What the task asks: Can you write out every line from the start of the records below through the line containing "A modern bathroom", leaving out any pictures?

━━ Data supplied

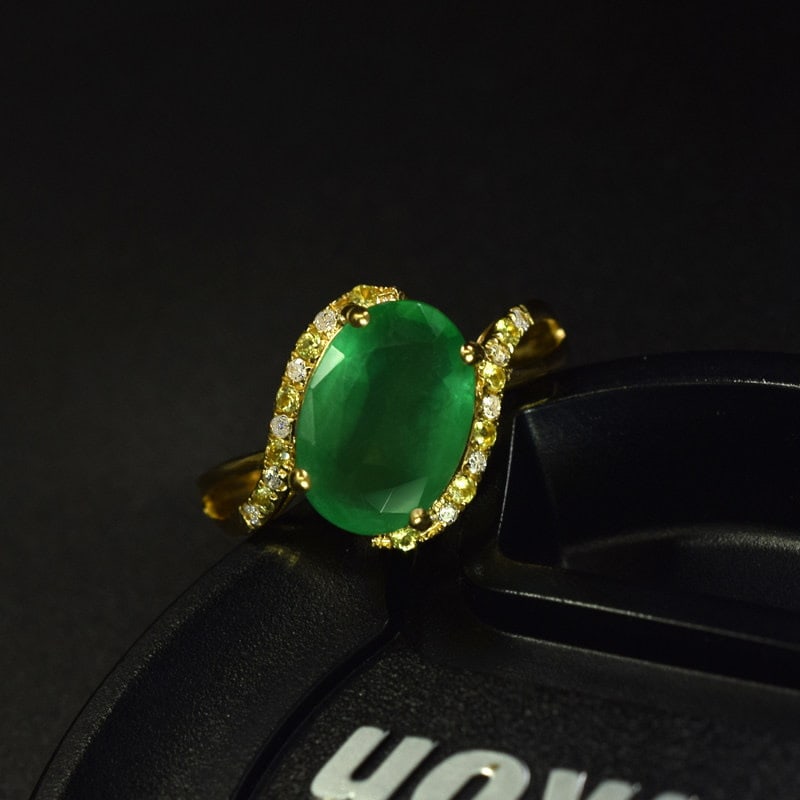 14k Gold 2.59 Ctw Natural Emerald & Diamond Ring: Ref:231109108 // gold content:14k gold // ring size:7. 25us // // main gemstone:emerald // shape:oval // carat weight:2. 51ct // color:green // treatment:natural // // adjacent gemstone 2 : diamond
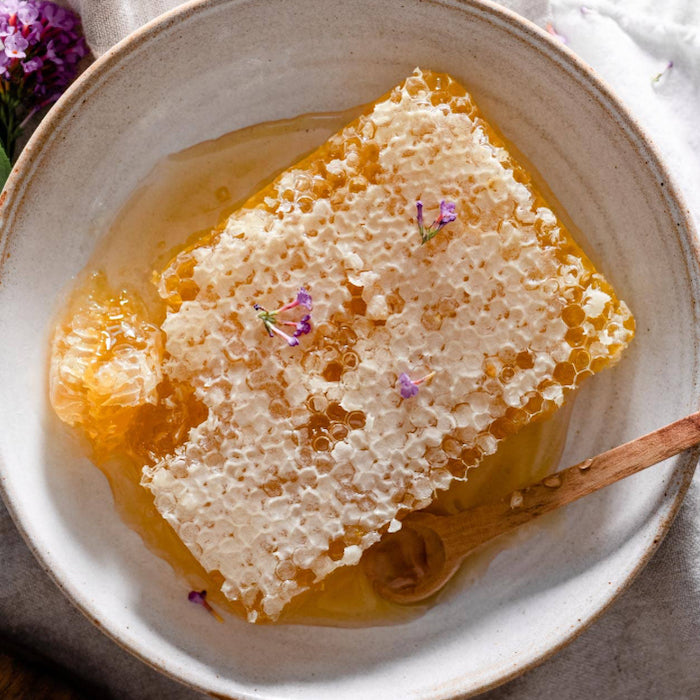 Fresh honeycomb with honey in cream bowl, garnished with edible purple flowers and wooden honey dipper on white background.
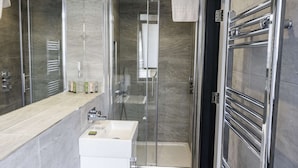 A modern bathroom with a glass-enclosed shower, a white sink, and a vanity with toiletries. - Spacious 2-Bedroom Executive Apartment – Ideal for Business Travellers (London)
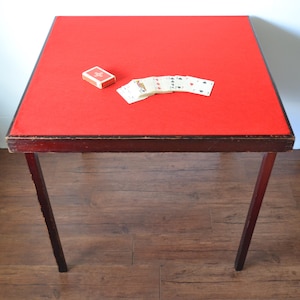 May include: A vintage card table with a bright red felt top and dark wooden legs. A deck of cards and a box of matches are on the table. The table is set on a wooden floor.
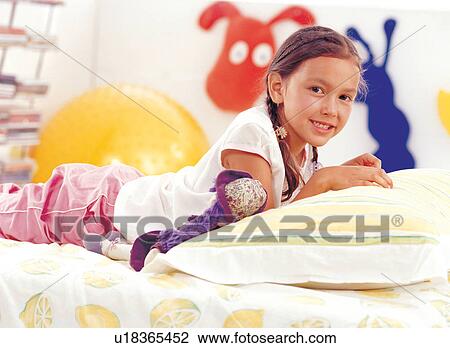 Stock Image - braid, brown hair, carefree, casual. Fotosearch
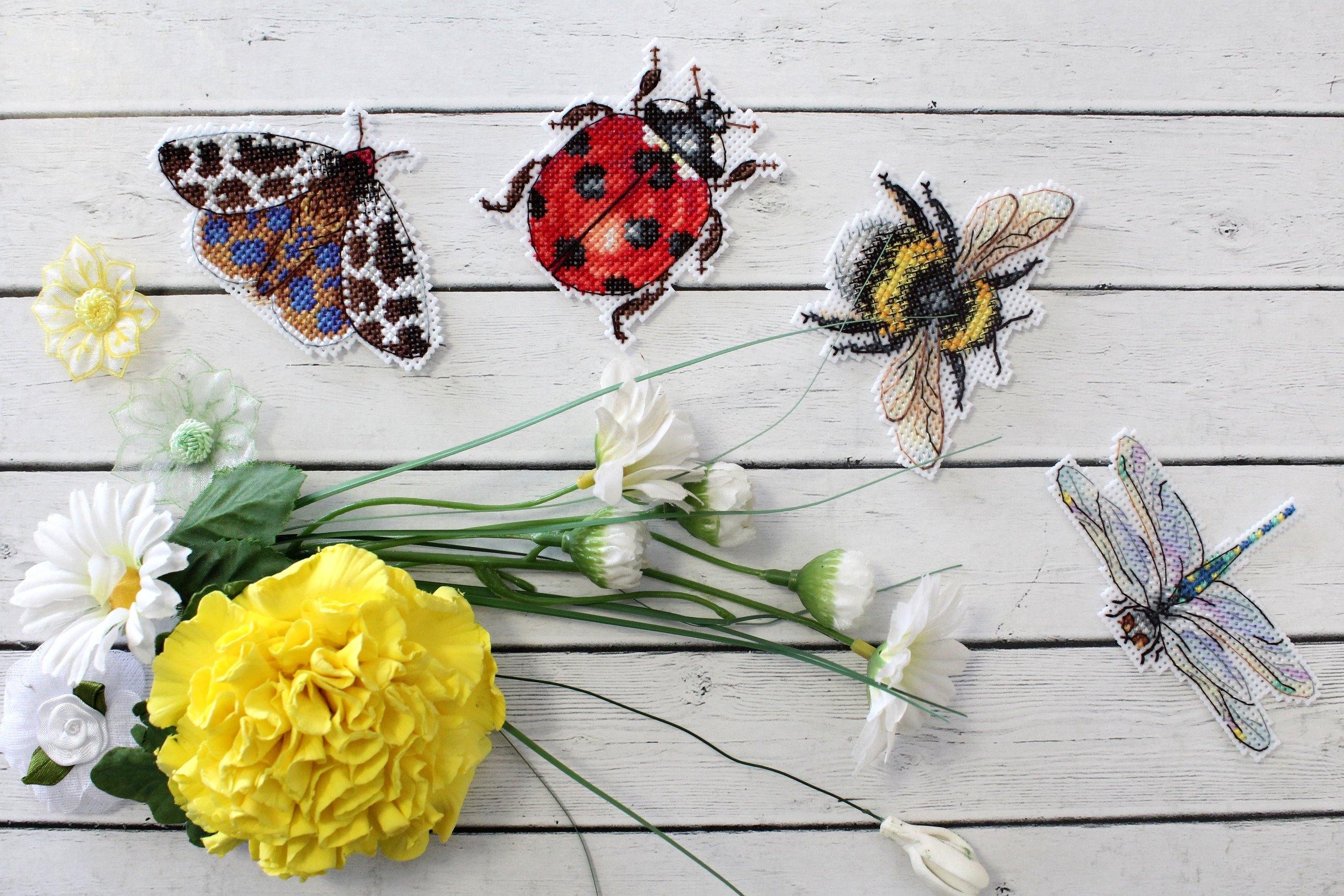A set of four colorful insect-themed cross-stitch magnets featuring a bee and ladybug, crafted from plastic canvas and cotton threads.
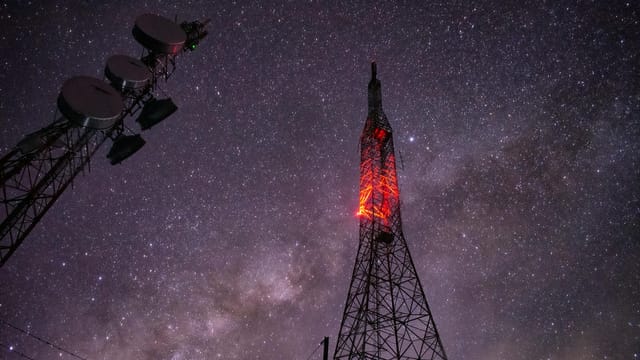 Stunning capture of a communication tower under a star-filled night sky.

━━━━

Output of the exercise:
 14k Gold 2.59 Ctw Natural Emerald & Diamond Ring: Ref:231109108 // gold content:14k gold // ring size:7. 25us // // main gemstone:emerald // shape:oval // carat weight:2. 51ct // color:green // treatment:natural // // adjacent gemstone 2 : diamond
 Fresh honeycomb with honey in cream bowl, garnished with edible purple flowers and wooden honey dipper on white background.
 A modern bathroom with a glass-enclosed shower, a white sink, and a vanity with toiletries. - Spacious 2-Bedroom Executive Apartment – Ideal for Business Travellers (London)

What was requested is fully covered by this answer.